▸ **Assignment**:
Keep the images out while you set down the data exactly.

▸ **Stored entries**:
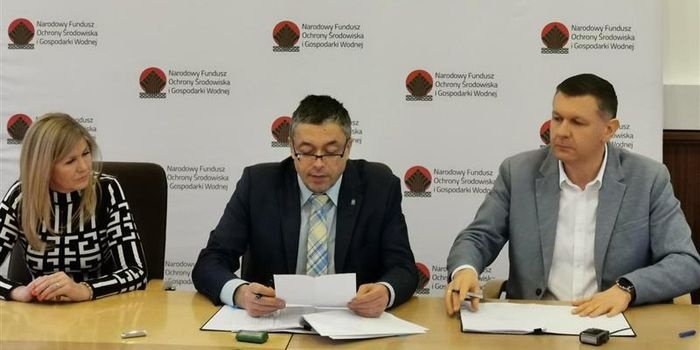 Podpisanie umowy w sprawie wsparcia modernizacji systemu ciepłowniczego w Mrągowie. Fot. NFOŚiGW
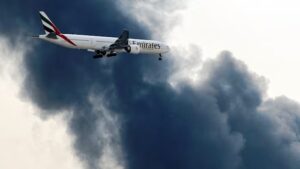 Bir Emirates uçağı Dubai Havalimanı'na iniyor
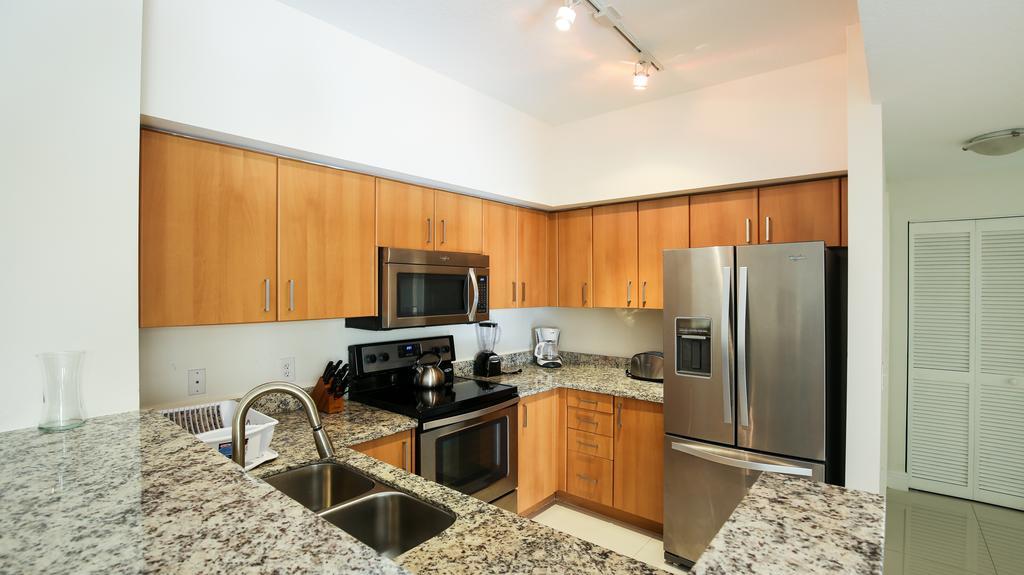 Pelicanstay In Coral Gables Miami エクステリア 写真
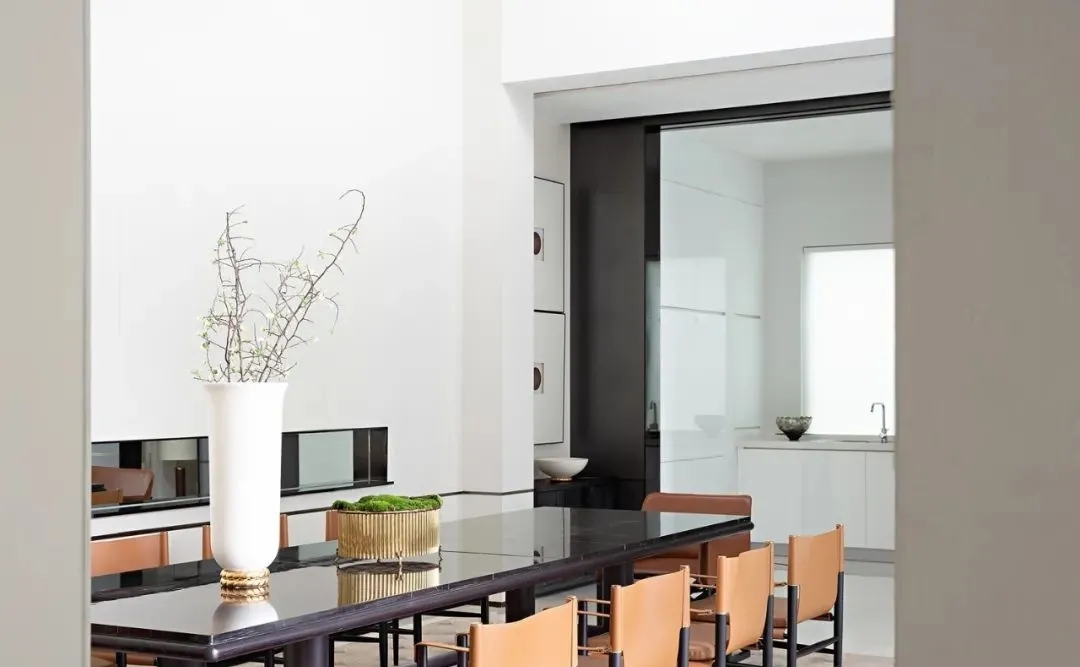 現(xiàn)代輕奢風(fēng)格別墅室內(nèi)設(shè)計家裝案例-餐廳 現(xiàn)代輕奢風(fēng)格別墅室內(nèi)設(shè)計家裝案例-餐廳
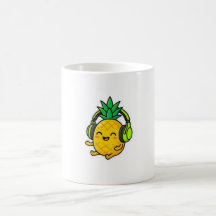 Süße Kawaii Ananas mit Kopfhörern SuSticker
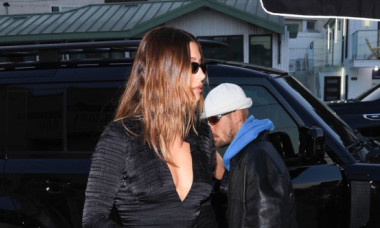 Hailey Bieber și-a arătat picioarele tonifiate și bronzate într-o rochie mini, în Santa Monica. Defilare ca pe podiumul de modă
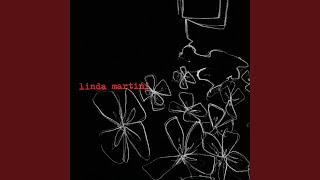 Video thumbnail of "Linda Martini - Lição De Vôo Nº 1"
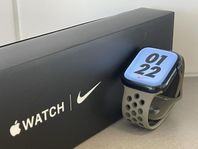 Apple Watch Nike Series 7 45mm Midnight Aluminum Esim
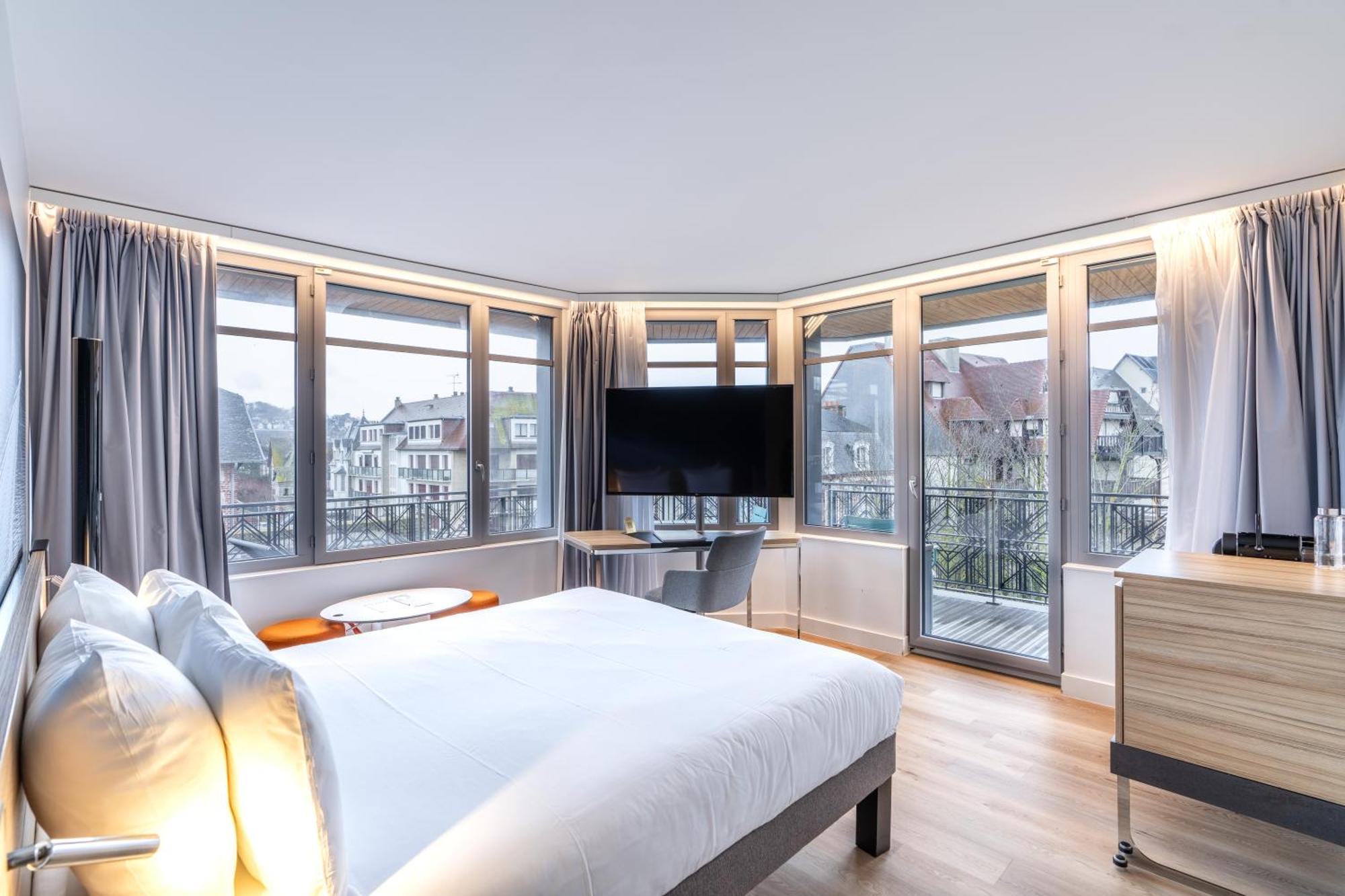 Executive Tweepersoonskamer met Slaapbank en Balkon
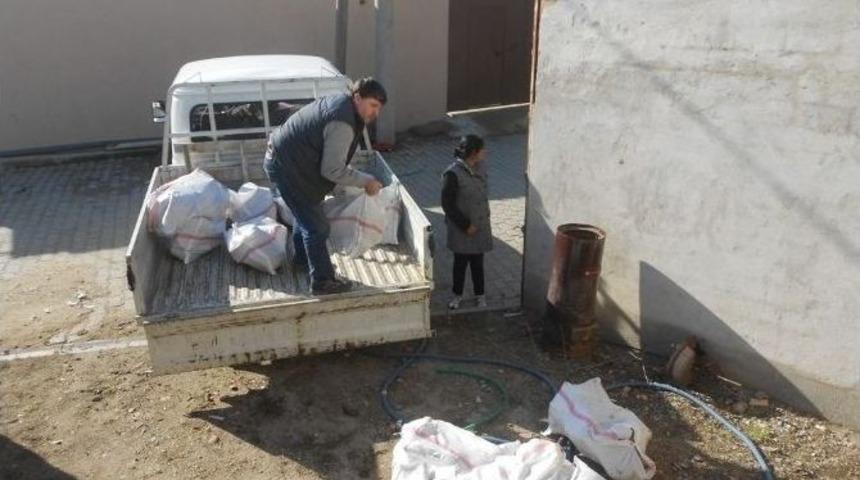 Burhaniye&rsquo;de İhtiya&ccedil; Sahiplerine Belediye Yardımı
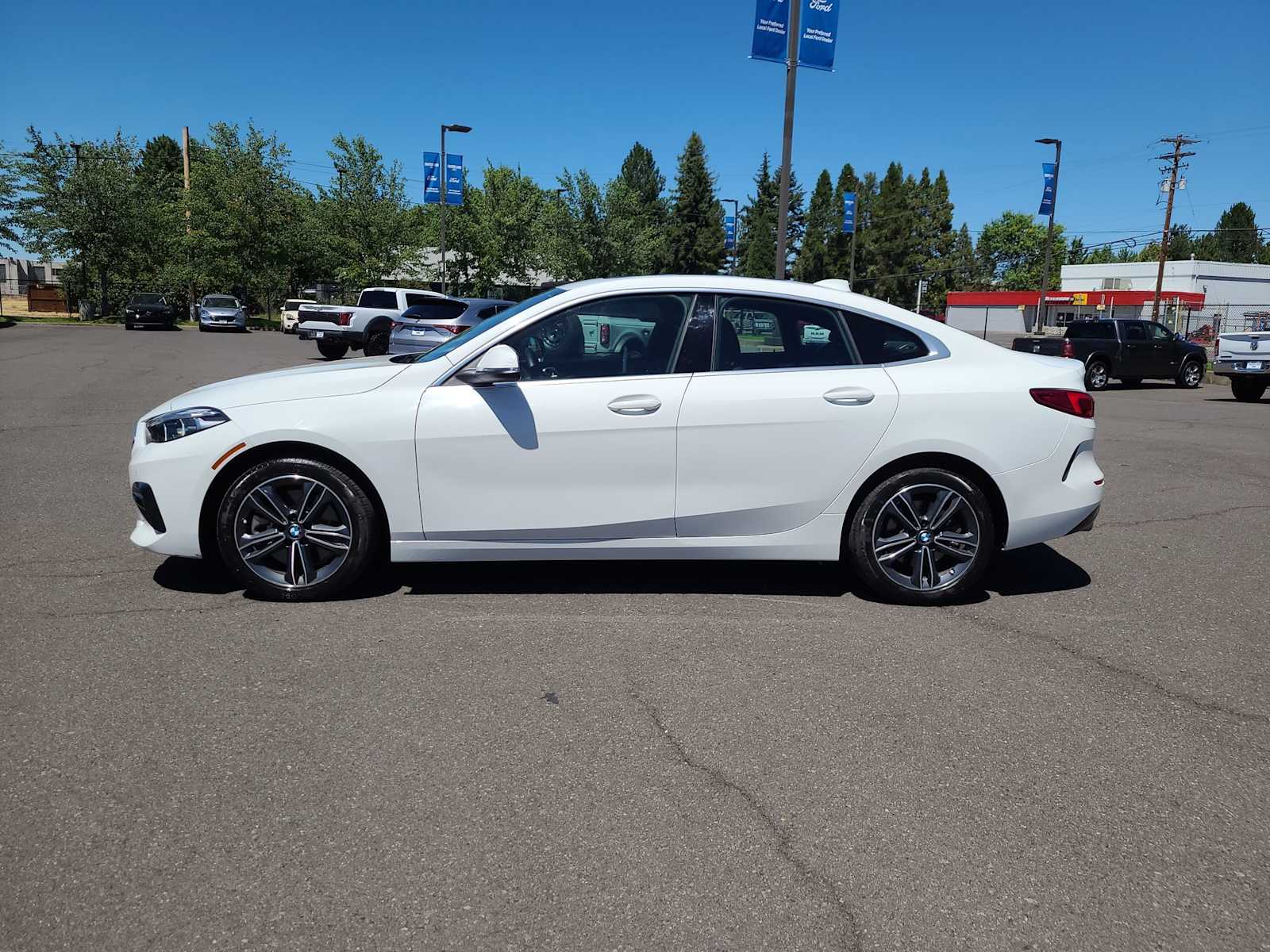 Thumbnail: 2024 BMW 2 Series - 11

▸ **Response**:
 Podpisanie umowy w sprawie wsparcia modernizacji systemu ciepłowniczego w Mrągowie. Fot. NFOŚiGW
 Bir Emirates uçağı Dubai Havalimanı'na iniyor
 Pelicanstay In Coral Gables Miami エクステリア 写真
 現(xiàn)代輕奢風(fēng)格別墅室內(nèi)設(shè)計家裝案例-餐廳 現(xiàn)代輕奢風(fēng)格別墅室內(nèi)設(shè)計家裝案例-餐廳
 Süße Kawaii Ananas mit Kopfhörern SuSticker
 Hailey Bieber și-a arătat picioarele tonifiate și bronzate într-o rochie mini, în Santa Monica. Defilare ca pe podiumul de modă
 Video thumbnail of "Linda Martini - Lição De Vôo Nº 1"
 Apple Watch Nike Series 7 45mm Midnight Aluminum Esim
 Executive Tweepersoonskamer met Slaapbank en Balkon
 Burhaniye&rsquo;de İhtiya&ccedil; Sahiplerine Belediye Yardımı
 Thumbnail: 2024 BMW 2 Series - 11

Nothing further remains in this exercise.